---------- Data for processing ----------

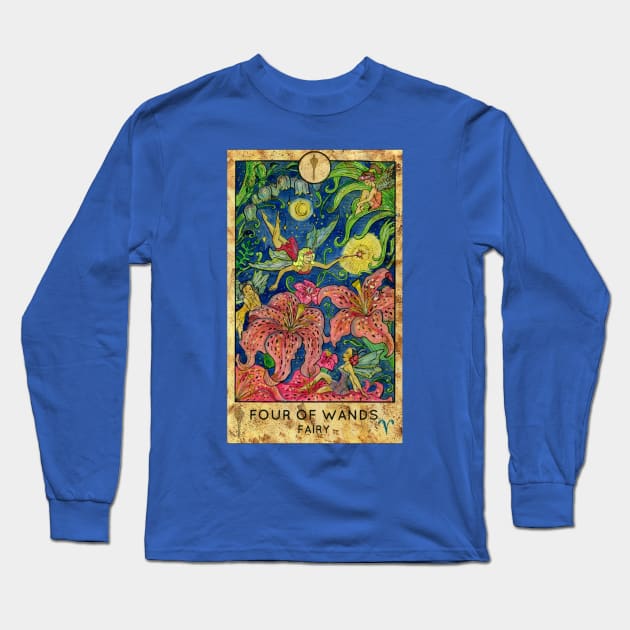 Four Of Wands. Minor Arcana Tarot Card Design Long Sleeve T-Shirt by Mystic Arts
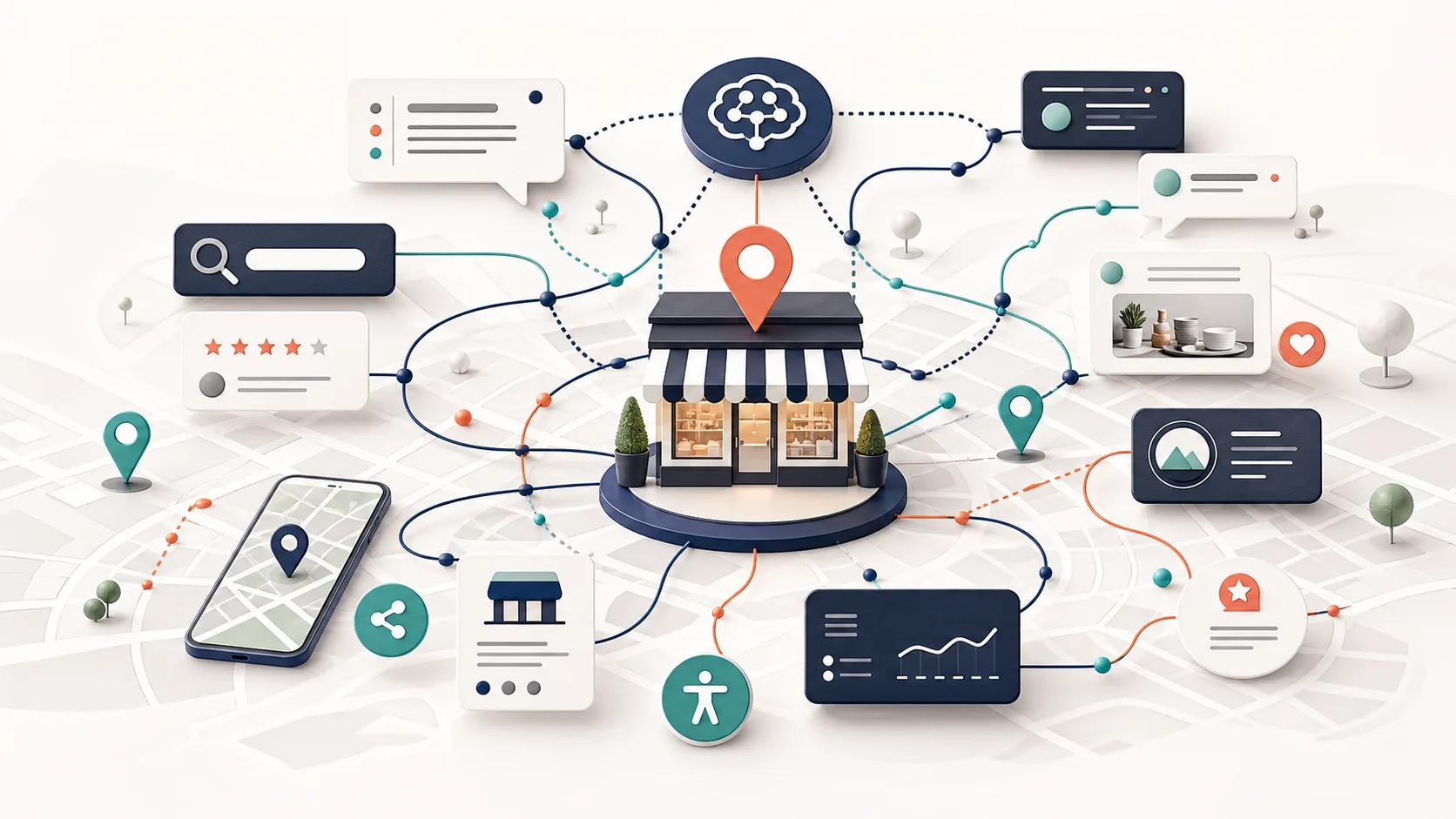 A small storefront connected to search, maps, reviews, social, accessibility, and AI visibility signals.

----------
---------- Data for processing ----------

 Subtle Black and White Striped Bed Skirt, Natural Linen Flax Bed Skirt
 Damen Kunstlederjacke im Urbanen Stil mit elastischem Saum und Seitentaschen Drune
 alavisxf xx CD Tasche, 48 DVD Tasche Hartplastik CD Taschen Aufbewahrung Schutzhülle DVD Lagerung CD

----------
---------- Data for processing ----------

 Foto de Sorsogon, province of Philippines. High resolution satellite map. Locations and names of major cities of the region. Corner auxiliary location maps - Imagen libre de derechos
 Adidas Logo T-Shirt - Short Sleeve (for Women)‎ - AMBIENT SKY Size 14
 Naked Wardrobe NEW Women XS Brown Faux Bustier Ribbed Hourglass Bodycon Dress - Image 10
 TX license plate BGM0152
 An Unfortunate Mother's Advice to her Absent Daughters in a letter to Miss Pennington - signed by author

----------

Required action:
Isolate each line of the listing above that includes "Women". Copy it.

Response:
 Adidas Logo T-Shirt - Short Sleeve (for Women)‎ - AMBIENT SKY Size 14
 Naked Wardrobe NEW Women XS Brown Faux Bustier Ribbed Hourglass Bodycon Dress - Image 10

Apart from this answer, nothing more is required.